Reading FURUNO Data

FURUNO data are HDF5 or SCN/SCNX files. In order to access the functions of WRaINfo, you have to import wrainfo in your Python environment.

import wrainfo as wrf

Note

For the examples, data of the WR2120 from the Weather Radar FURUNO are used.

Import packages

For reading the SCN/SCNX files xarray backend was implemented in \(\omega radlib\). To begin with the following packages have to be imported.

[2]:
import wradlib as wrl
import xarray as xr
import datetime as dt

Load FURUNO HDF5 Data

Furuno HDF5 single data can be loaded as xarray dataset. If the keyword argument “reindex_angle” is False, then the original azimuth angles are loaded.
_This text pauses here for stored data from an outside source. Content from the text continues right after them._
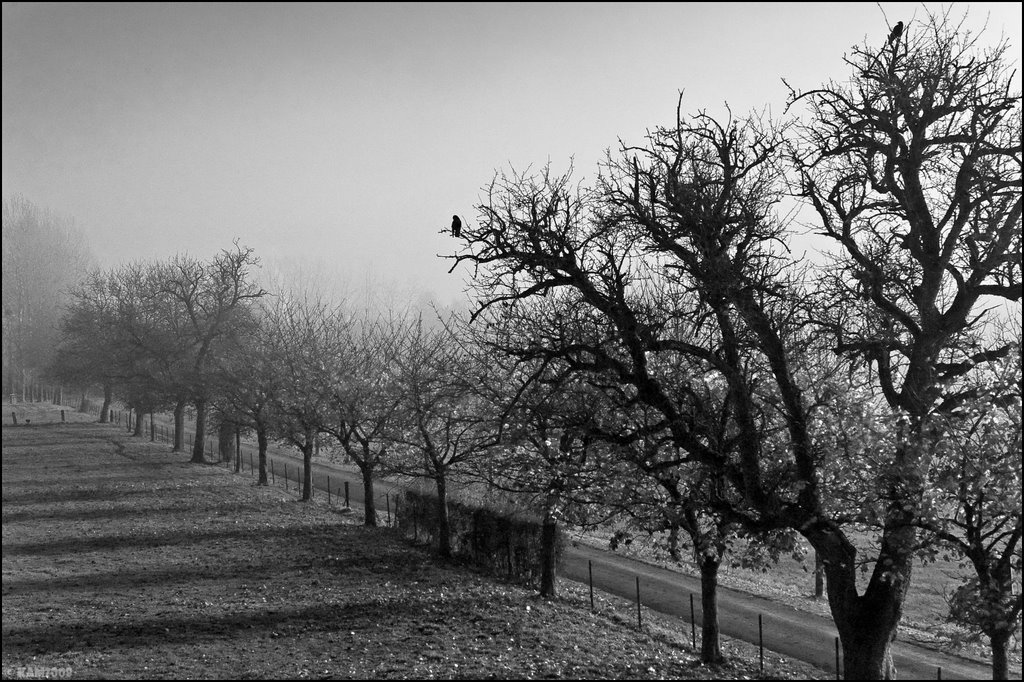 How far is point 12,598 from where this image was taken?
50.9 ft

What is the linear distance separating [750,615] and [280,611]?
11126mm

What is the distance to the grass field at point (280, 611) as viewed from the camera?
1232 cm

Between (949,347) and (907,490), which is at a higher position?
(949,347)

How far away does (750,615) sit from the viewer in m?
19.5

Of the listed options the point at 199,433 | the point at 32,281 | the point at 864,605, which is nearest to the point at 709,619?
the point at 864,605

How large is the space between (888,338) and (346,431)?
20.4 meters

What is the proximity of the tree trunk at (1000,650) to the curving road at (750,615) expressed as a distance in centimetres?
437

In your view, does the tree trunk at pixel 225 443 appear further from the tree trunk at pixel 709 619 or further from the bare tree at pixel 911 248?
the bare tree at pixel 911 248

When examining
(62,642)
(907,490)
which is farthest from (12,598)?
(907,490)

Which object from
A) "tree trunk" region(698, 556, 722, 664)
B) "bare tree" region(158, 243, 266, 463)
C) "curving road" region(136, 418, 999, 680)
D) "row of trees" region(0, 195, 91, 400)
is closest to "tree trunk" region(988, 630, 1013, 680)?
"curving road" region(136, 418, 999, 680)

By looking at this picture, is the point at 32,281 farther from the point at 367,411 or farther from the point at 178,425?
the point at 367,411

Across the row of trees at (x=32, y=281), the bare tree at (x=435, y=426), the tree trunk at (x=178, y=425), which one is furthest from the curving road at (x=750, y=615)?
the row of trees at (x=32, y=281)

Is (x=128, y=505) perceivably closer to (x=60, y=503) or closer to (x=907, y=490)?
(x=60, y=503)

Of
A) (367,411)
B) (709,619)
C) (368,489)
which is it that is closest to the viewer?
(709,619) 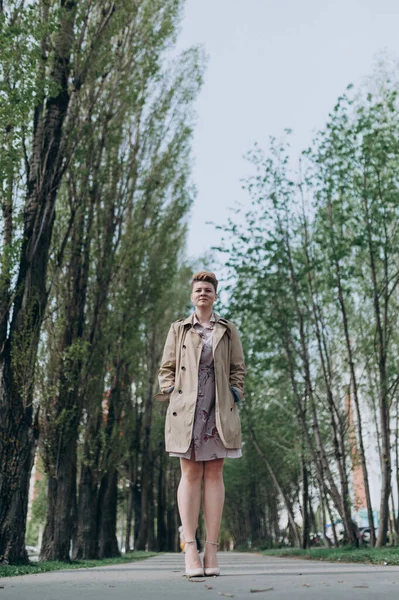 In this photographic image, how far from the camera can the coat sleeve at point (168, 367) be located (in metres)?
5.51

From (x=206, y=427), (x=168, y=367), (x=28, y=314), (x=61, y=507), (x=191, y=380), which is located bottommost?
(x=61, y=507)

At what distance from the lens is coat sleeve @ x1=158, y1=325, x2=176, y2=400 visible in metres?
5.51

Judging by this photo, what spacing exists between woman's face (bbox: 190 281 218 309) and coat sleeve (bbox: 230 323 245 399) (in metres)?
0.28

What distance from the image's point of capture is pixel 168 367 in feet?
18.4

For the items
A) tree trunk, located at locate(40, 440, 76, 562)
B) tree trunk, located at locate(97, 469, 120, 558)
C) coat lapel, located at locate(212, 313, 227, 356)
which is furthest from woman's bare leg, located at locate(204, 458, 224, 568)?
tree trunk, located at locate(97, 469, 120, 558)

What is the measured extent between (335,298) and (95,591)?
14.5 meters

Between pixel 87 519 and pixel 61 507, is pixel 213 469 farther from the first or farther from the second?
pixel 87 519

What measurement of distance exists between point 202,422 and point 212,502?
0.61 m

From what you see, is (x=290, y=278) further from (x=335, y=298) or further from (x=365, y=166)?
(x=365, y=166)

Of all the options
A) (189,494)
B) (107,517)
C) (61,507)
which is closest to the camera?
(189,494)

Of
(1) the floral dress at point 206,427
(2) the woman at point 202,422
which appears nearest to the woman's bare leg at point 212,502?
(2) the woman at point 202,422

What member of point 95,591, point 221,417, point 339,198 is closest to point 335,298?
point 339,198

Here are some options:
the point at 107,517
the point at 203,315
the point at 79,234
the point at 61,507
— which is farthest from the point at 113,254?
the point at 203,315

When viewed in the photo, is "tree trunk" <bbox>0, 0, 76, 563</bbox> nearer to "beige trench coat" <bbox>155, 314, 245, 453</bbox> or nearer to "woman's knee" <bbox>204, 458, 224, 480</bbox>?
"beige trench coat" <bbox>155, 314, 245, 453</bbox> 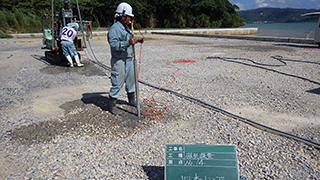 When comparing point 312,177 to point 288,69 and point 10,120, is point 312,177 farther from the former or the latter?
point 288,69

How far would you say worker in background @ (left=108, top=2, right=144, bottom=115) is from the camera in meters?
3.60

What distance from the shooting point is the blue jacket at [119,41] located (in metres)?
3.56

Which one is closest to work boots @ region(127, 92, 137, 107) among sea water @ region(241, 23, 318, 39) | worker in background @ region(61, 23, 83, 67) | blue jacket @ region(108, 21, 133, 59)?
blue jacket @ region(108, 21, 133, 59)

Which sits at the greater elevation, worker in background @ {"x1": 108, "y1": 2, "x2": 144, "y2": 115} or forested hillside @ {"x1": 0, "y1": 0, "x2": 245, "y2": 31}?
forested hillside @ {"x1": 0, "y1": 0, "x2": 245, "y2": 31}

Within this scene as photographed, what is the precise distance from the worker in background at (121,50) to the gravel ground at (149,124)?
0.60 metres

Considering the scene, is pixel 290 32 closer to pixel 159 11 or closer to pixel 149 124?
pixel 159 11

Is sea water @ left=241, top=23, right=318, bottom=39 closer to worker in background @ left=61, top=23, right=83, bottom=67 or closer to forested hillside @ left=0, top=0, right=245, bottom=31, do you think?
forested hillside @ left=0, top=0, right=245, bottom=31

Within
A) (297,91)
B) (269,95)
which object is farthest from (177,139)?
(297,91)

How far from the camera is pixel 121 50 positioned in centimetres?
363

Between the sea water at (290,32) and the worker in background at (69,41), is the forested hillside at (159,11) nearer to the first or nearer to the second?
the sea water at (290,32)

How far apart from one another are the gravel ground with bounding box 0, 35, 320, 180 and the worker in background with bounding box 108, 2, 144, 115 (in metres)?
0.60

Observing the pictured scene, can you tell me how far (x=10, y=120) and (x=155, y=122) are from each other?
250cm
Here is an example with original azimuth angles.

[3]:
file_path="/tests/data/raw/2022/02/16/2006_20220216_134500.h5"
[4]:
file_hdf5=xr.open_dataset(file_path,
                          engine="odim",
                          group="dataset1",
                          backend_kwargs=dict(reindex_angle=False))
display(file_hdf5)
<xarray.Dataset>
Dimensions:     (azimuth: 721, range: 936)
Coordinates:
  * azimuth     (azimuth) float64 0.545 1.05 1.535 2.04 ... 359.0 359.5 0.04
    elevation   (azimuth) float64 0.5 0.5 0.5 0.5 0.5 ... 0.5 0.5 0.5 0.5 0.5
    rtime       (azimuth) datetime64[ns] 2022-02-16T13:45:28.980652544 ... 20...
  * range       (range) float32 37.5 112.5 187.5 ... 7.009e+04 7.016e+04
    time        datetime64[ns] 2022-02-16T13:45:01
    sweep_mode  <U20 'azimuth_surveillance'
    longitude   float64 13.24
    latitude    float64 53.55
    altitude    float64 38.0
Data variables:
    RATE        (azimuth, range) float32 ...
    DBZH        (azimuth, range) float32 ...
    VRAD        (azimuth, range) float32 ...
    ZDR         (azimuth, range) float32 ...
    KDP         (azimuth, range) float32 ...
    PHIDP       (azimuth, range) float32 ...
    RHOHV       (azimuth, range) float32 ...
    WRAD        (azimuth, range) float32 ...
    QC_INFO     (azimuth, range) float32 ...
Attributes:
    fixed_angle:  0.5

Note

Due to the jitter of the azimuth angles we read the data with a reindex angle of 1.0.

The group argument sets the elevation angle that is read.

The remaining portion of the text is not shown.